Work required — Line by line, the data below should be set down unchanged, with images excluded.

Source material —

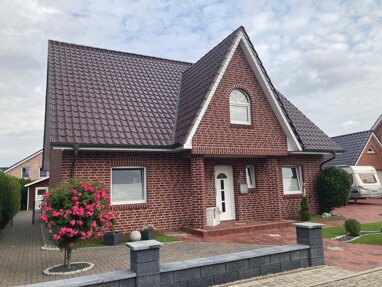 Einfamilienhaus zum Kauf 359.000 € 4 Zimmer 140 m² 750 m² Grundstück Papenburg - Obenende Papenburg 26871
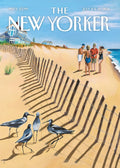 New Yorker No. 10
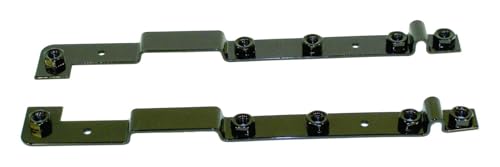 Crown Automotive Nut Strip Set Air and Fuel Delivery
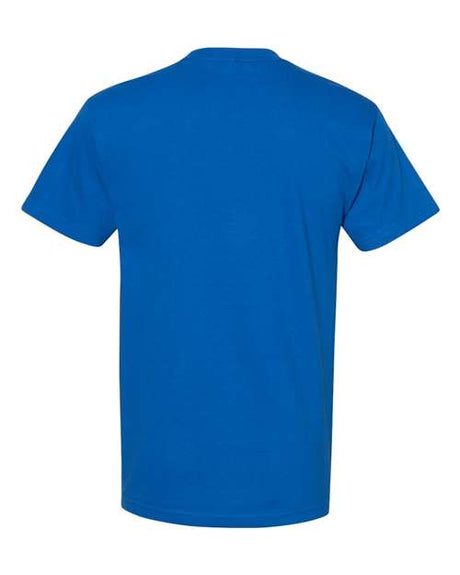 American Apparel Men's Heavyweight Cotton T-Shirt Mens Apparel Shirts & Tops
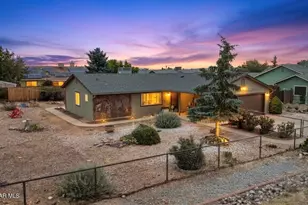 4360 N Cinnabar Dr, Prescott Valley, AZ 86314 - Photo 1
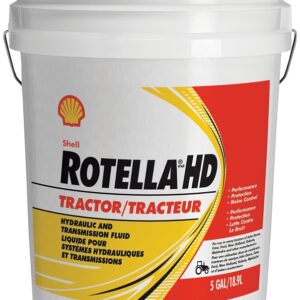 Shell Rotella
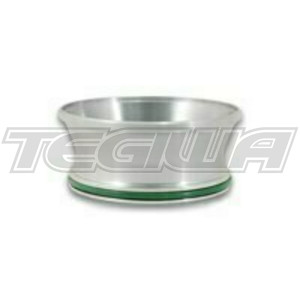 Vibrant Performance Transition Weld Ferrule with O-Ring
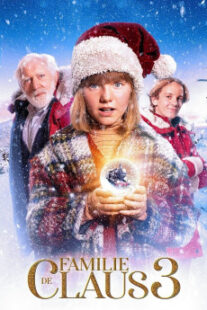 دانلود فیلم The Claus Family 3 2022400795-801790813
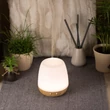 Kép 2/3 - HOME Aromalámpa, ultrahangos (AD 20)[SG]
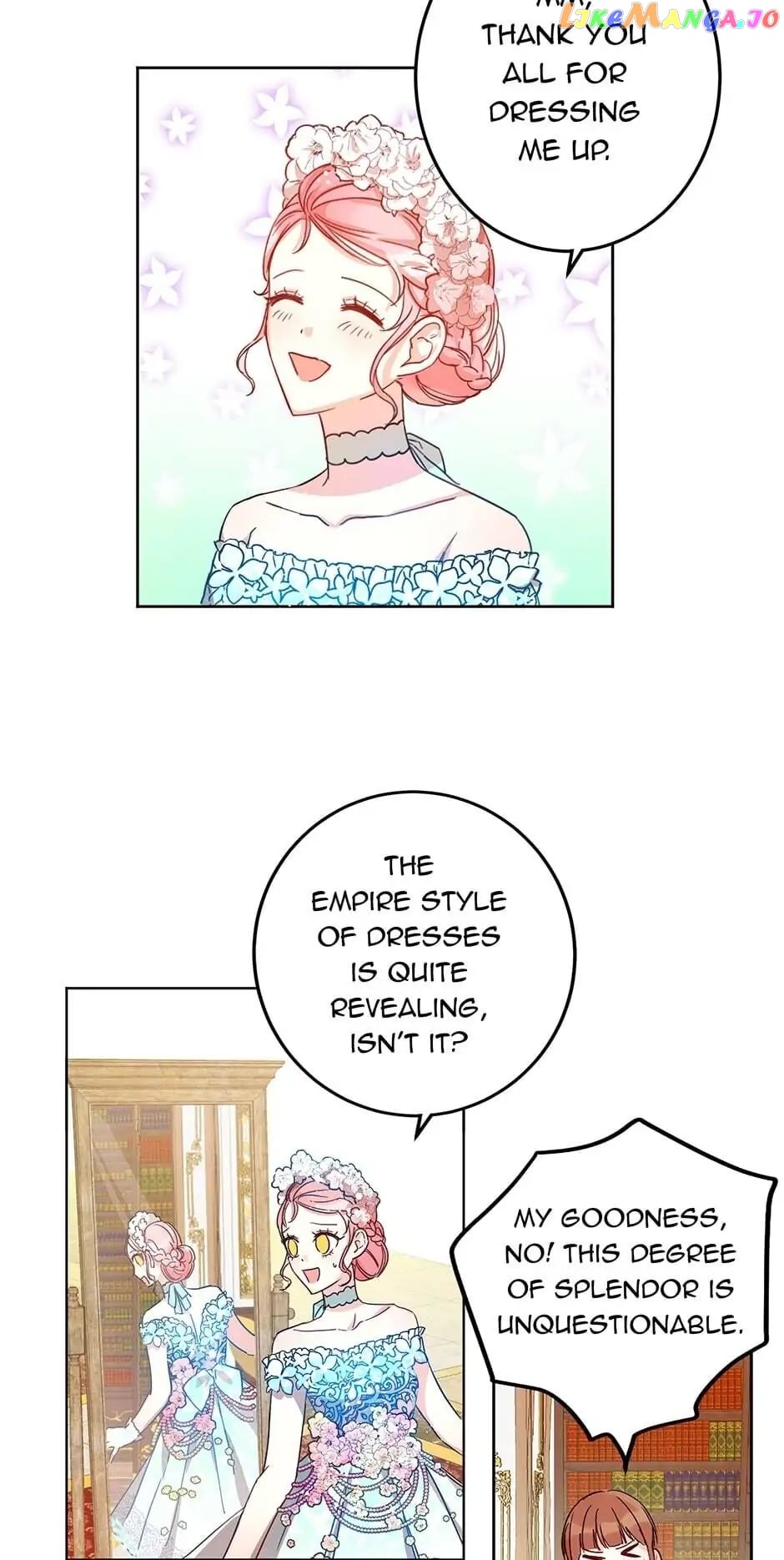 This Is An Obvious Fraudulent Marriage Chapter 13 - page 63
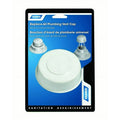 REPLACE ALL PLUMBING VENT CAP ONLY POLAR WHITE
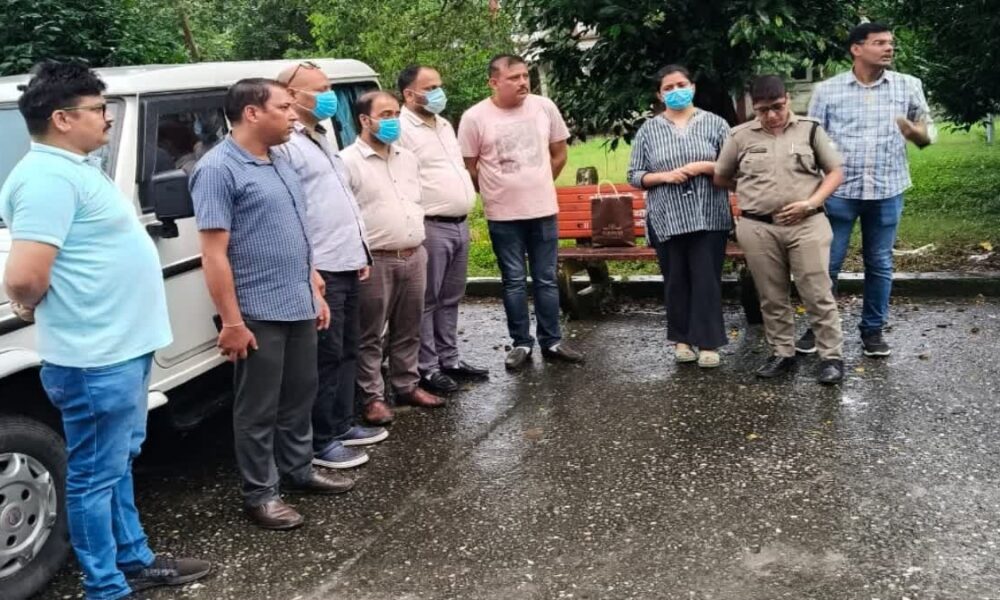 नकली दवाओं का काला कारोबार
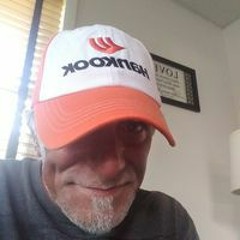 Seven James Tomlinson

Response to the task —
 Einfamilienhaus zum Kauf 359.000 € 4 Zimmer 140 m² 750 m² Grundstück Papenburg - Obenende Papenburg 26871
 New Yorker No. 10
 Crown Automotive Nut Strip Set Air and Fuel Delivery
 American Apparel Men's Heavyweight Cotton T-Shirt Mens Apparel Shirts & Tops
 4360 N Cinnabar Dr, Prescott Valley, AZ 86314 - Photo 1
 Shell Rotella
 Vibrant Performance Transition Weld Ferrule with O-Ring
 دانلود فیلم The Claus Family 3 2022400795-801790813
 Kép 2/3 - HOME Aromalámpa, ultrahangos (AD 20)[SG]
 This Is An Obvious Fraudulent Marriage Chapter 13 - page 63
 REPLACE ALL PLUMBING VENT CAP ONLY POLAR WHITE
 नकली दवाओं का काला कारोबार
 Seven James Tomlinson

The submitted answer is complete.